European Patent application EP1162621 to Hewlett Packard discloses a method of automatically determining the sequence of a set of songs according to their rate of repeat of the dominant beat (the tempo) and an ideal temporal map for the resulting compilation and that end portions of adjacent songs overlap. A disadvantage of this method is that compatibility of adjacent songs in the sequence is not explicitly addressed which, for a given sequence, can result in a dissonant transition between adjacent songs, especially in situations where adjacent songs are overlapped.
It is an object of the invention to improve on the known art.
In accordance with the present invention there is provided a method for ordering a plurality of audio signals into a sequence comprising:
receiving a user preference;
analysing the plurality of audio signals to extract inherent features; and
ordering, independently of user involvement, into a sequence at least two audio signals of the plurality of audio signals based on a comparison of the extracted features and user preference such that adjacent signals in the sequence are harmonious.

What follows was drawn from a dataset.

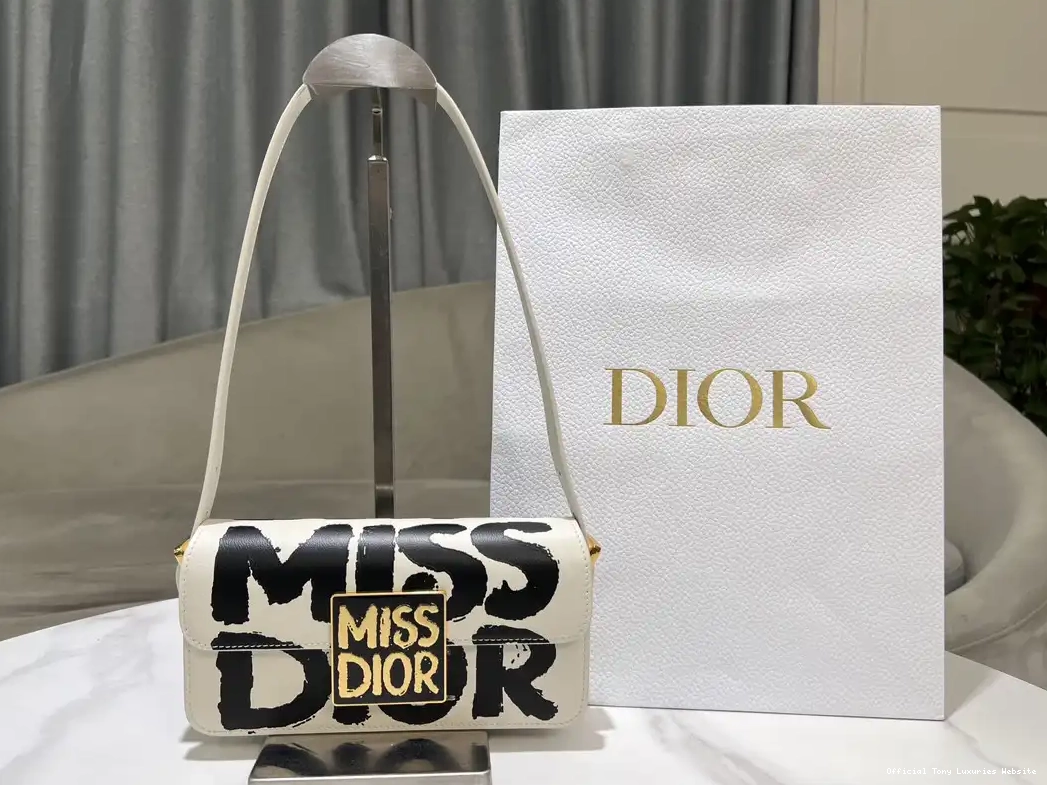 MISS FLAP DI0R BAG 0405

According to a further aspect there is provided a system for ordering a plurality of audio signals into a sequence comprising:
a receiving device operable to receive a user preference;
a store operable to store audio signals;
a data processor operable to:
- analyse the plurality of audio signals to extract inherent features; and
- order, independently of user involvement, into a sequence at least two audio signals of the plurality of audio signals based on a comparison of the extracted features and user preference such that adjacent signals in the sequence are harmonious.

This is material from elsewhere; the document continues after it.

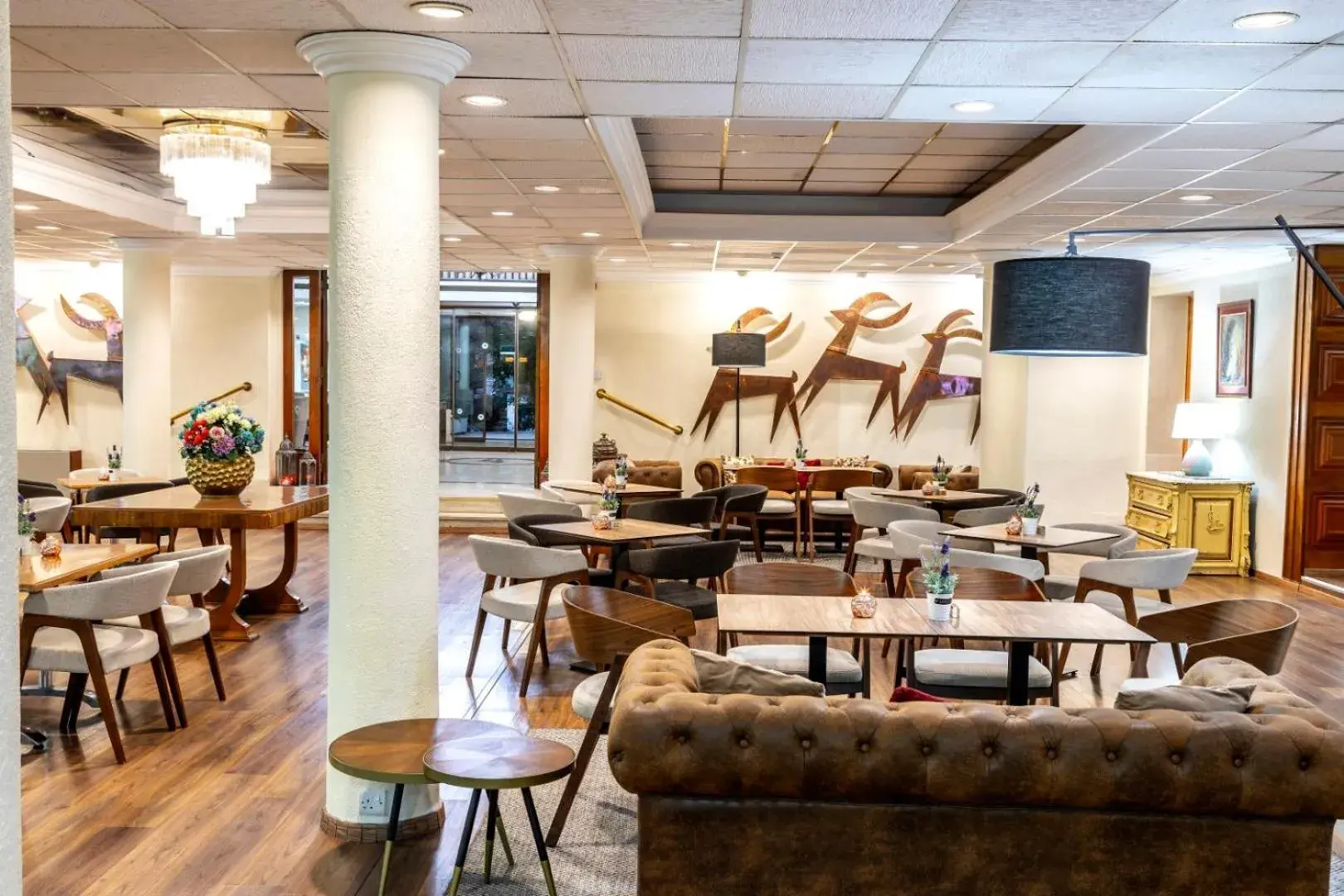 Lounge or bar in Forest Park Hotel Lounge or bar in Forest Park Hotel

Owing to the invention it is possible to order audio signals into a sequence independently of user involvement. The audio signals may be analogue or digital.

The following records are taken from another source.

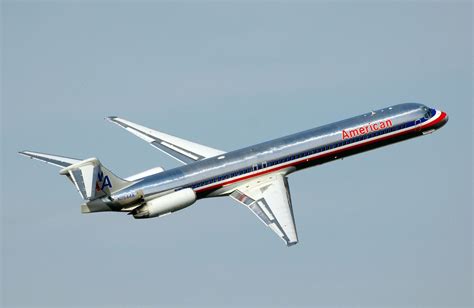 American Airlines Keeps A Single Md 80 For Training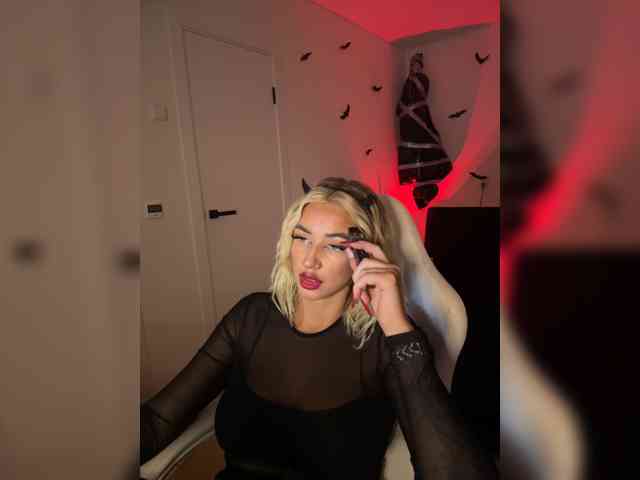 -AmazingBlonde-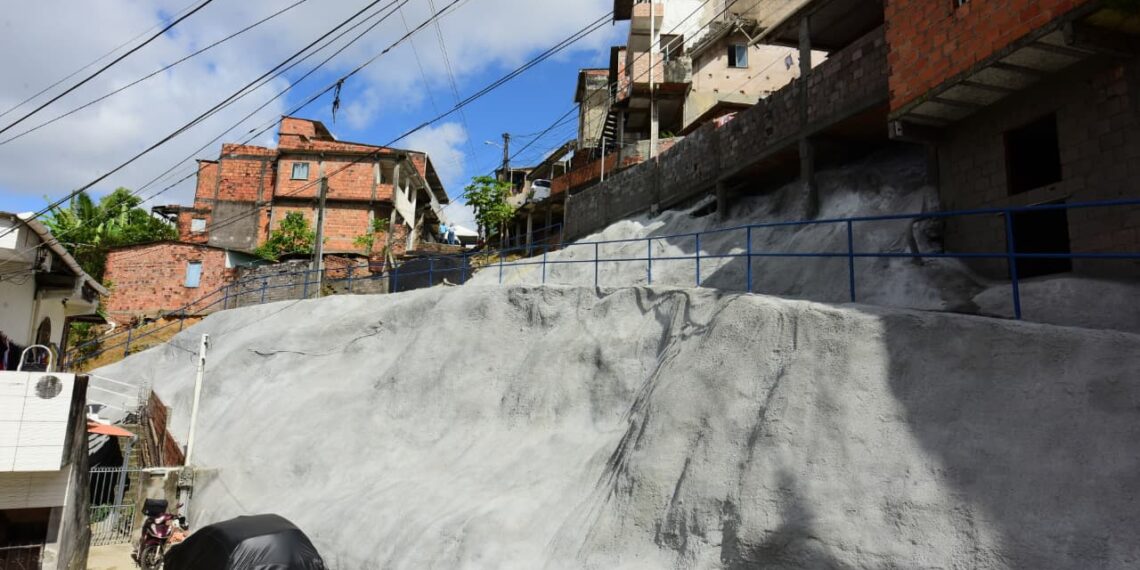 Prefeitura de Salvador chega a 587 áreas de risco protegidas com aplicação de geomanta em Nova Brasília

Advantageously, the plurality of audio signals is identified according to the user preference. Suitably, the extracted inherent features are musical features, including musical key and bass note amplitude. Preferably, adjacent audio signals in the sequence have related musical keys. Ideally, the related musical keys are determined according to the Equal Tempered Scale.
Optionally, the method outputs the at least two audio signals according to the sequence, for example as an audio presentation to a user. Advantageously, a currently output signal is crossfaded with the immediately succeeding signal in the sequence so as to present a continuous outputting. Suitably, crossfading is performed dependent on the respective bass note amplitudes of the current signal and the immediately succeeding signal in the sequence. Preferably, during the time interval of the crossfade the bass note amplitude of each audio signal is less than one seventh of the maximum bass amplitude of the respective audio signal.
An advantage of the present invention is that there is a harmonious transition between adjacent audio signals of a sequence, even when portions of adjacent audio signals overlap. Furthermore, the sequence is able to be generated with minimum effort from a user, for example the user simply selecting a mode or genre style by means of a simple interface to put together ordered collections of audio signals for events e.g. for a party or romantic evening. Whilst retaining harmonious transitions, the invention can also order the audio signals according to an overall profile of the sequence, for example by selecting tracks according to musical keys thereby allowing suitable key transitions to be traversed during the sequence.
Embodiments of the invention will now be described, by way of example only, with reference to the accompanying drawings in which:
FIG. 1 is a flow diagram of a method for ordering a plurality of audio signals into a sequence;
FIG. 2 is a schematic representation of an exemplary set of related musical keys for use in the method of FIG. 1;
FIG. 3 a is a schematic representation of a currently output signal crossfaded with its immediately succeeding signal in a sequence;
FIG. 3 b is a schematic representation of the determination of a crossfade interval for an audio signal;
FIG. 4 is a schematic representation of a system for ordering a plurality of audio signals into a sequence;
FIG. 5 is a schematic representation of a first application of the system of FIG. 4 for ordering a plurality of audio signals into a sequence implemented as a digital music jukebox; and
FIG. 6 is a schematic representation of a second application of the system of FIG. 4 for ordering a plurality of audio signals into a sequence implemented by a network service provider.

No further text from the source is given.